British magician and Internet personality

Luca Gallone (born 14 March 1996) is an English magician.

==Early life and education==
Luca Gallone was born in Burton-on-Trent, Staffordshire on 14 March 1996. Gallone attended Abbot Beyne School and Sixth form in East Staffordshire, where he also spent two years performing at weddings and private events alongside his studies. He dropped out from University of Derby to pursue his career as a professional Magician.

==Career==
At 18, Gallone launched his business as a magician with help from The Princes Trust. A year later, in 2016, he was invited to appear on Britain's Got Talent where he won over all four judges. Following his success on Britain’s Got Talent, in 2018 Gallone began to create online viral videos and has since built an audience of over 10 million followers across social media. He performed in several countries including performance for Prince Charles’ 70th Birthday event at The London Palladium.

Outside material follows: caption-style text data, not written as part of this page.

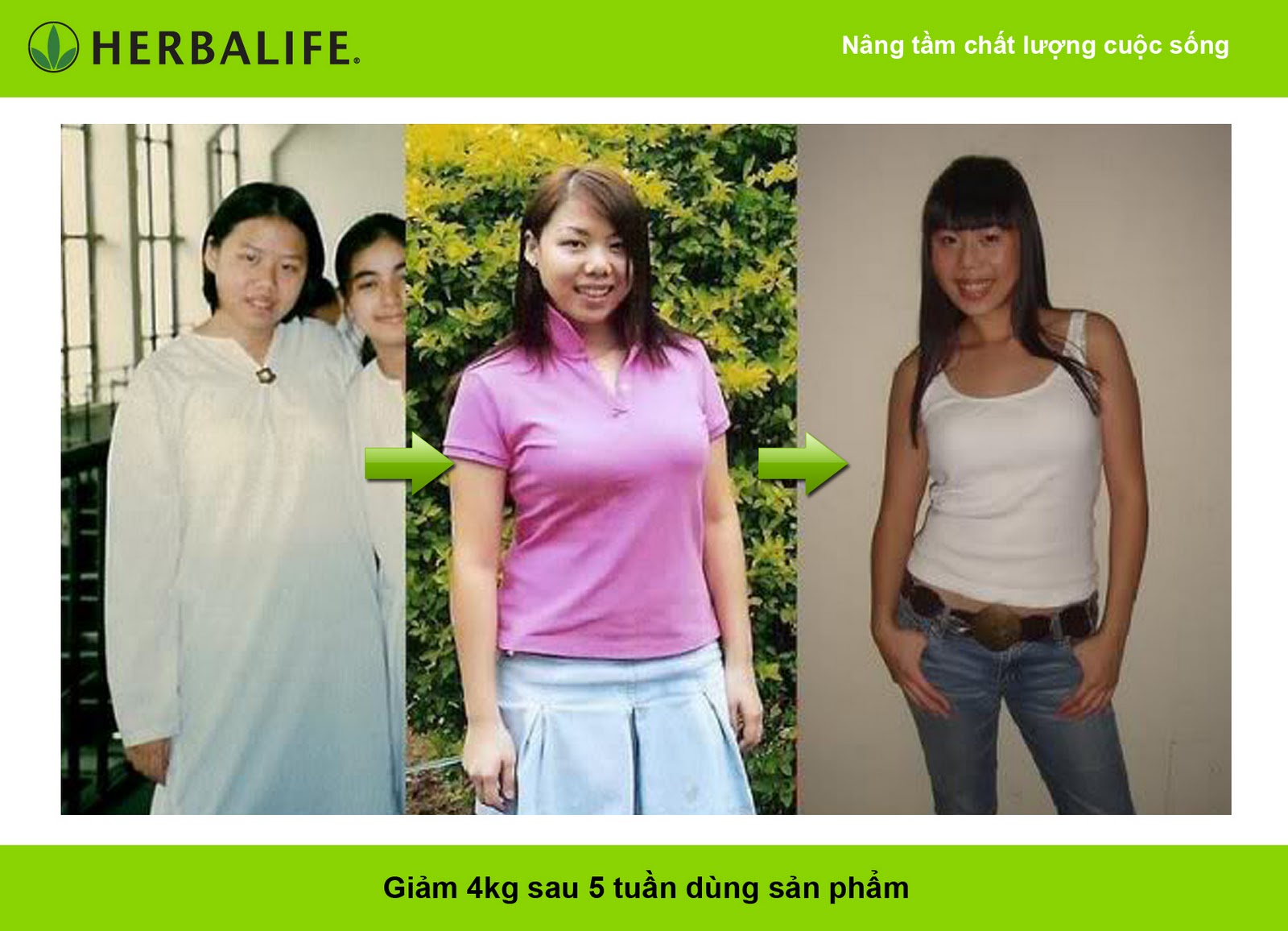 Sữa Herbalife Hỗ Trợ Giảm Cân Như Thế Nào.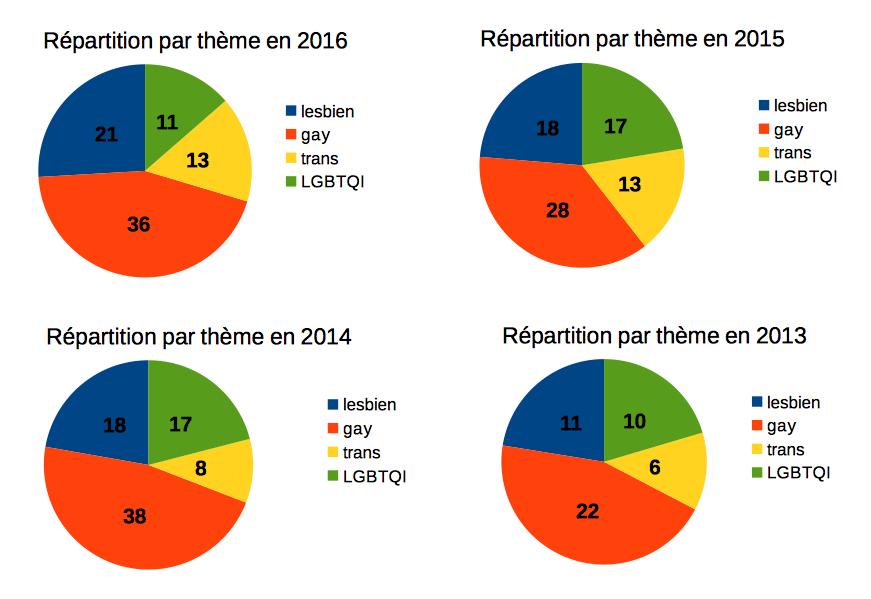 repartition-par-theme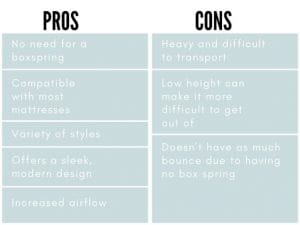 Pros and Cons of P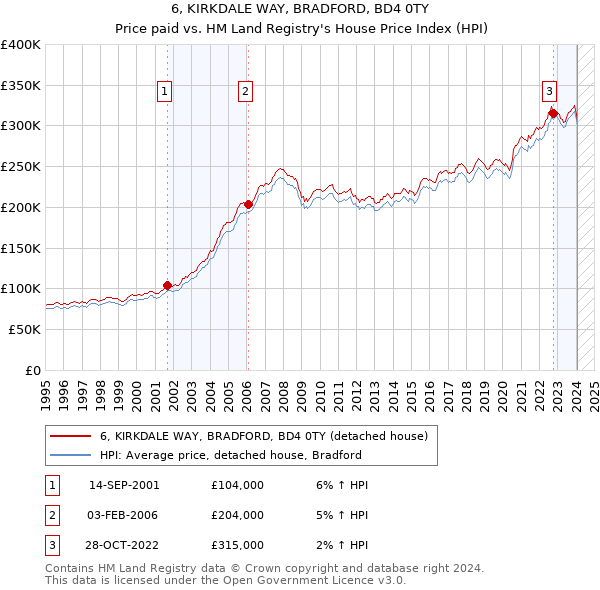 6, KIRKDALE WAY, BRADFORD, BD4 0TY: Price paid vs HM Land Registry's House Price Index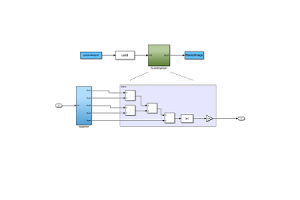 Mat XILINX vereenegt Simulatiounspriminits: e verständleche Guide op FPGA Design an Simulatioun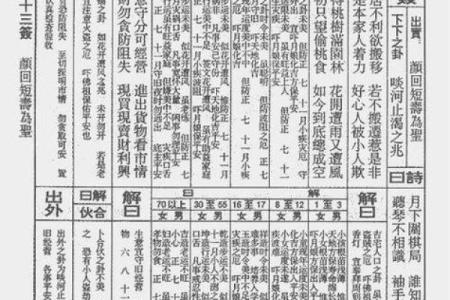 算命网观音签第五签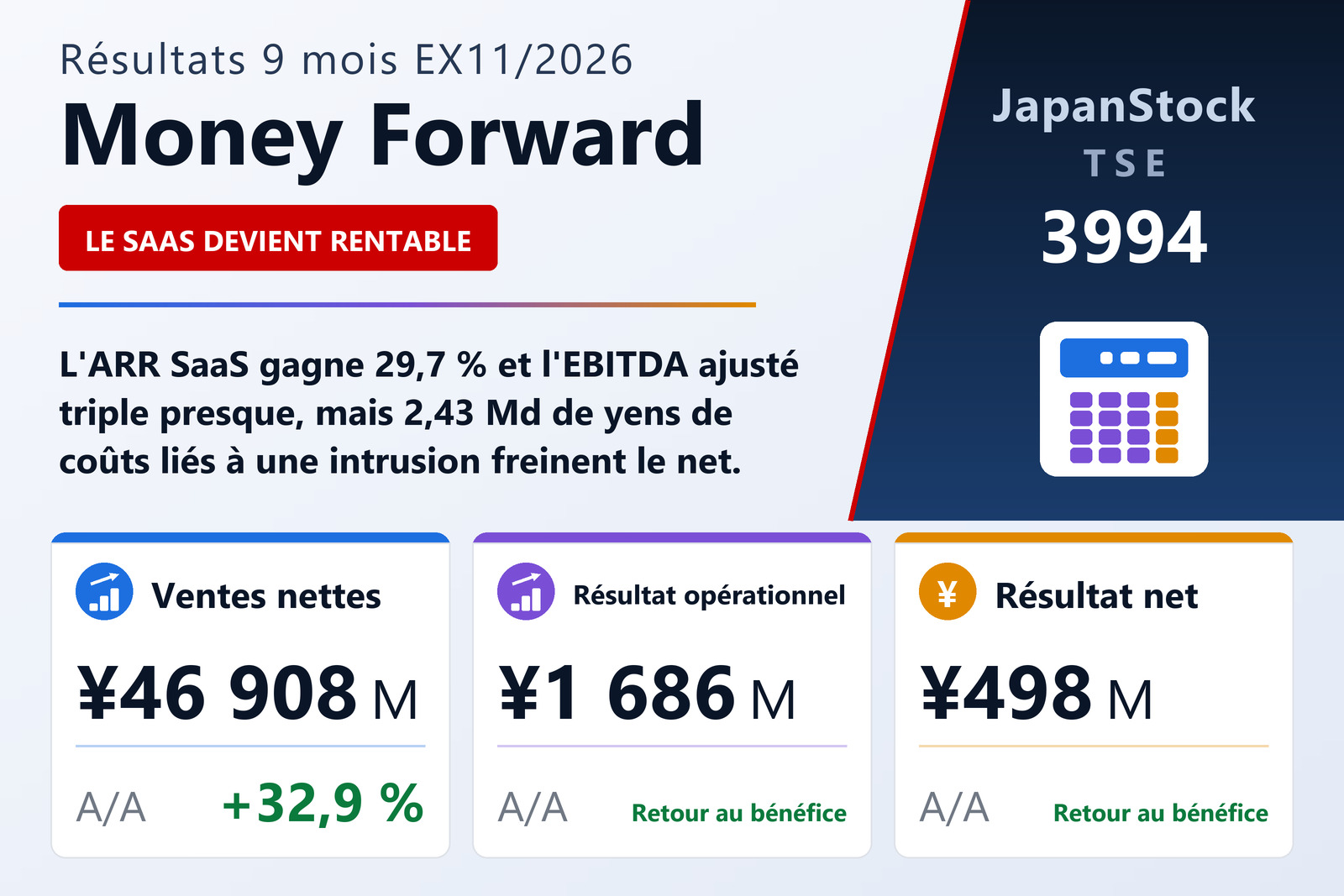 Synthèse des résultats de Money Forward, 9 mois de l'exercice 11/2026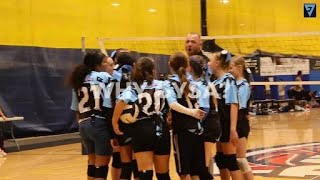 WHY GYSA? See Why Kids Love Playing Here!
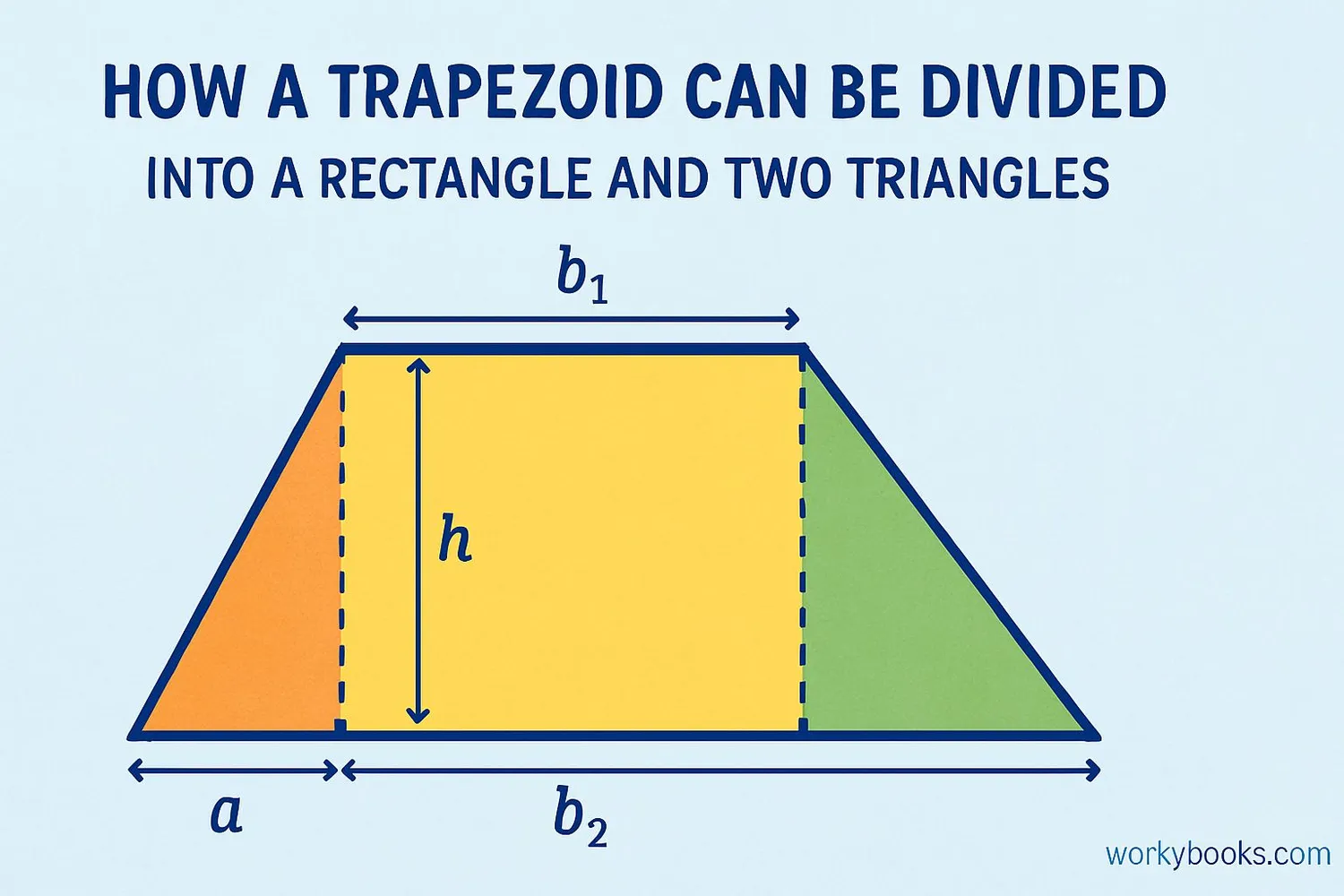 Illustration showing a area formula for trapezoid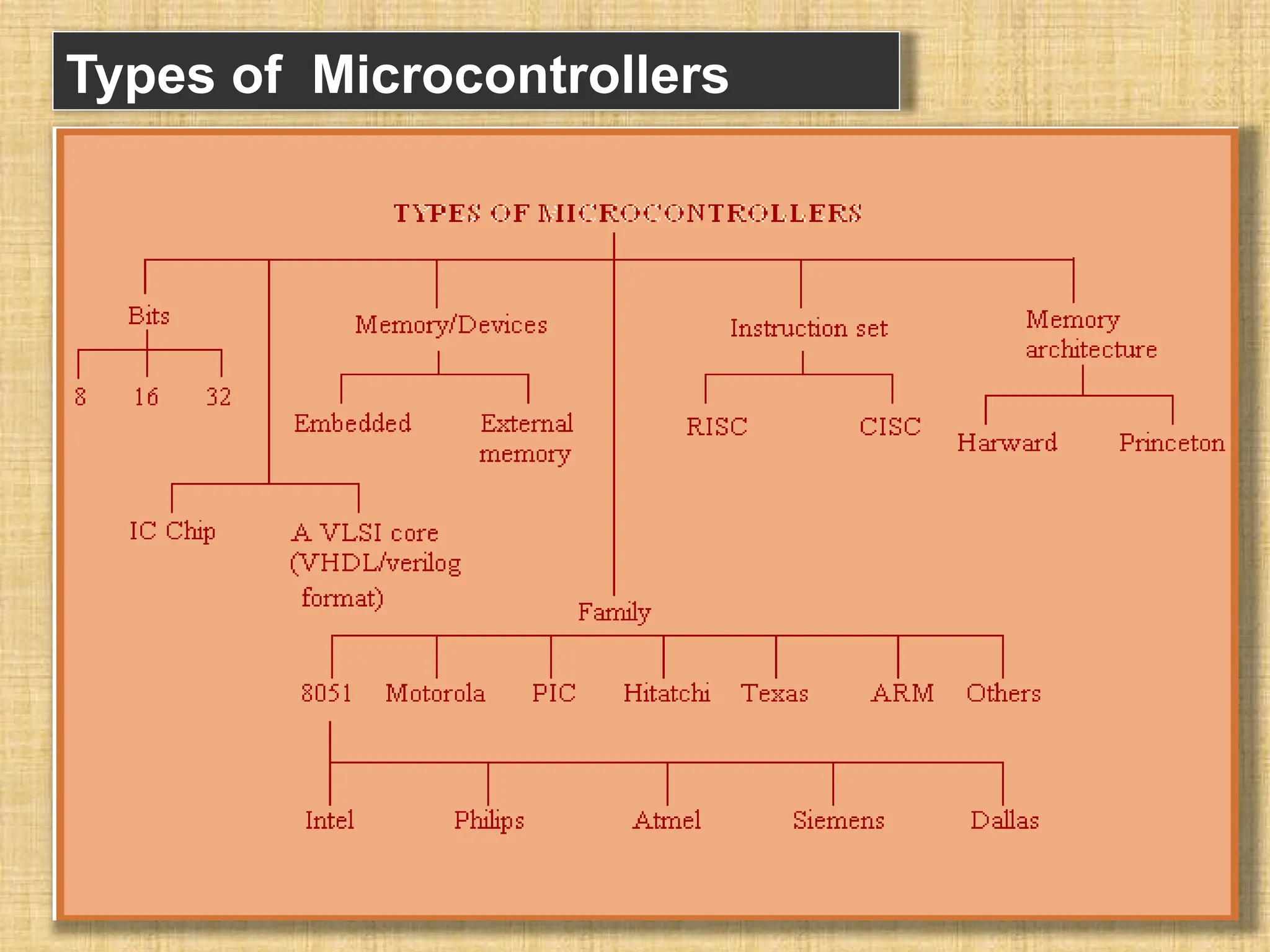 Types of Microcontrollers 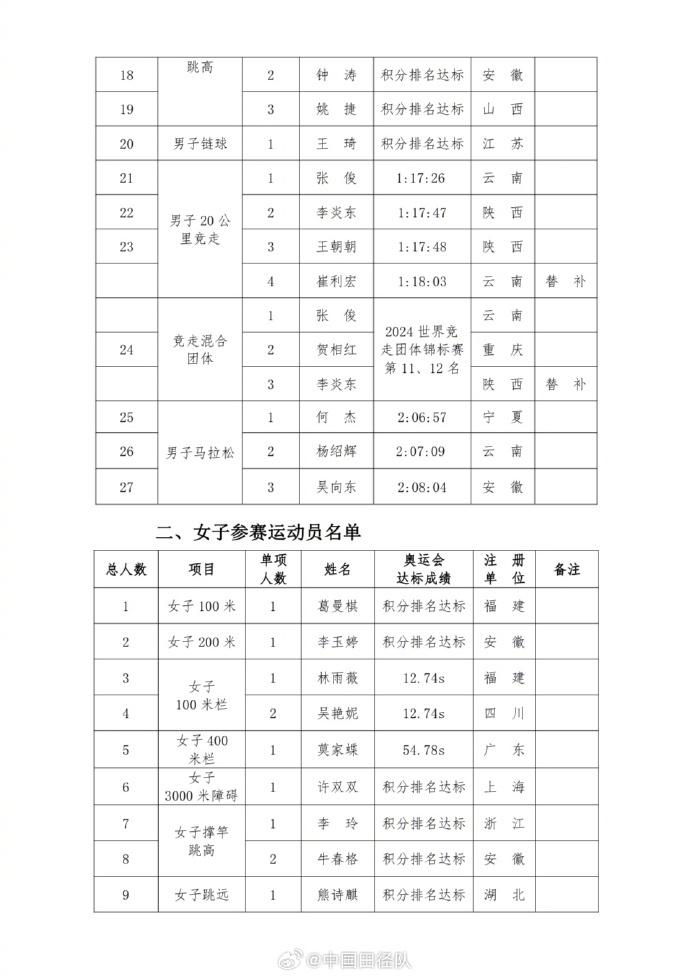中国田径巴黎奥运会参赛名单公布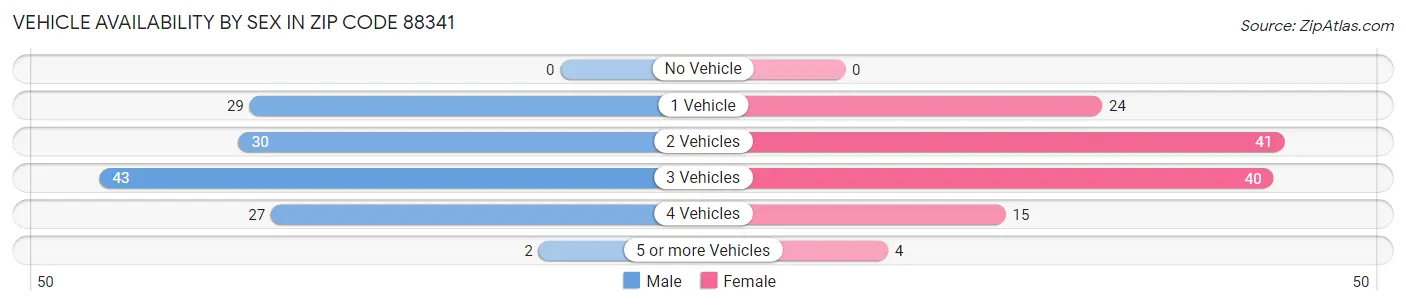 Vehicle Availability by Sex in Zip Code 88341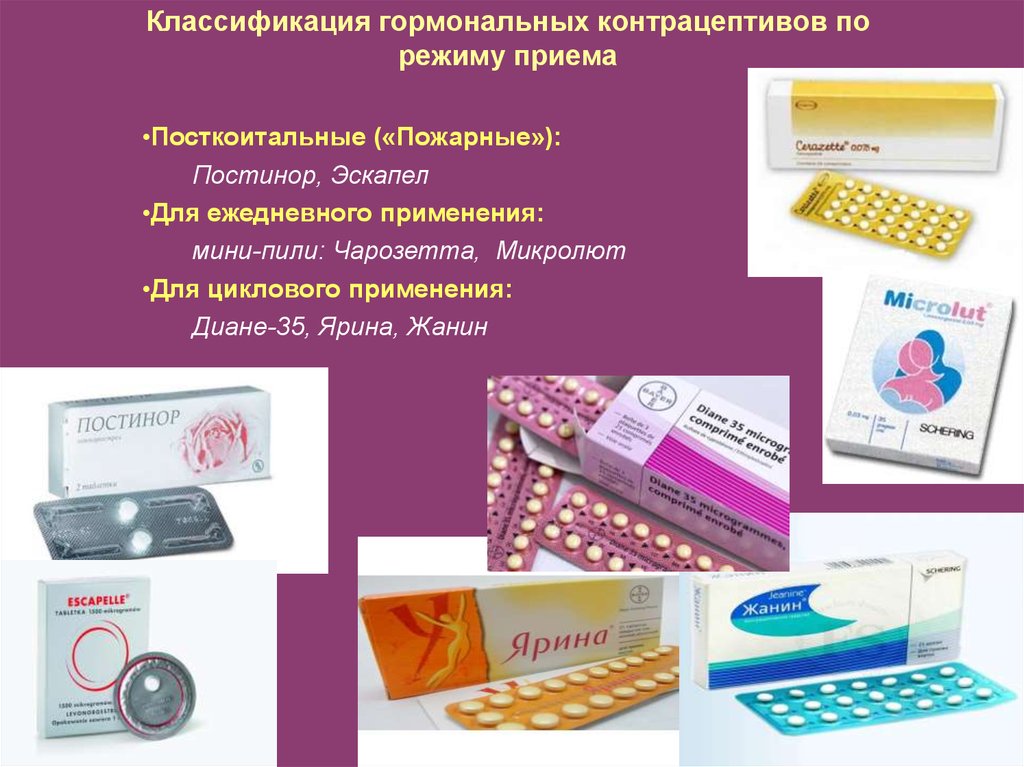 В какое время принимать противозачаточные таблетки. Комбинированные оральные контрацептивы препараты названия. Оральные контрацептивы таблетки наименования. Гормональные таблетки для женщин противозачаточные. Оральные гормональные контрацептивы.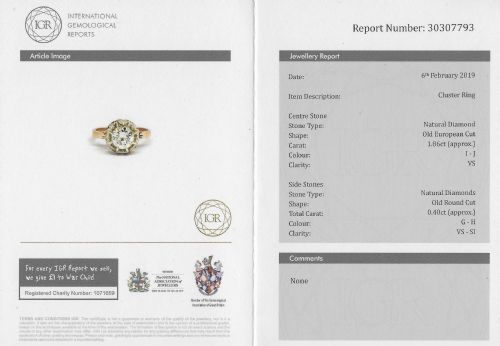 fig 6. Retro 2.26 Carat Old European Cut Diamond Cluster Ring, circa 1955
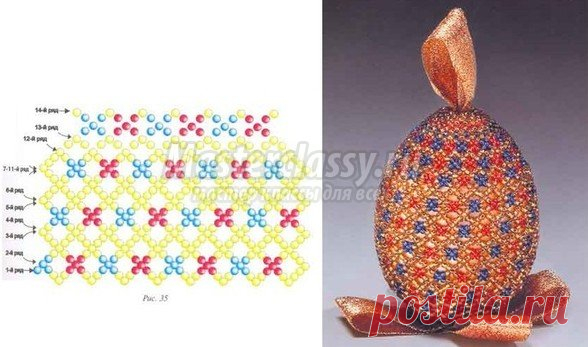 Яйца из бисера. Мастер класс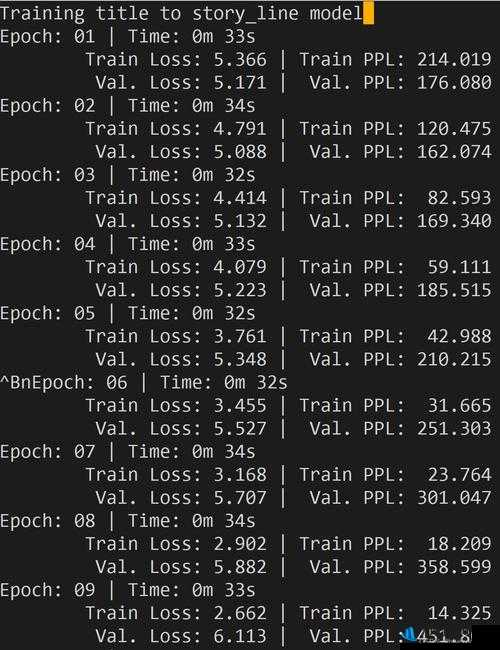 PYTHON 人狗大 CSDN：编程之美与爱宠的奇妙故事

In 2019, Gallone was signed to United Talent Agency. Later that year, after one of his viral videos appeared on American TV show Right This Minute. he appeared on The Ellen DeGeneres Show where he performed some magic tricks for the TV host and a member of the audience.

The Daily Mirror published an article featuring Gallone performing a viral magic trick that involved a marriage proposal.

Gallone has Italian roots and featured in the Italian TV shows including an article in GQ Italian edition.

After several years of building his online presence, in March 2020 the BBC listed Gallone as the third biggest TikTok Star in the UK, whilst the Evening Standard referred to him as "the biggest magician on the app".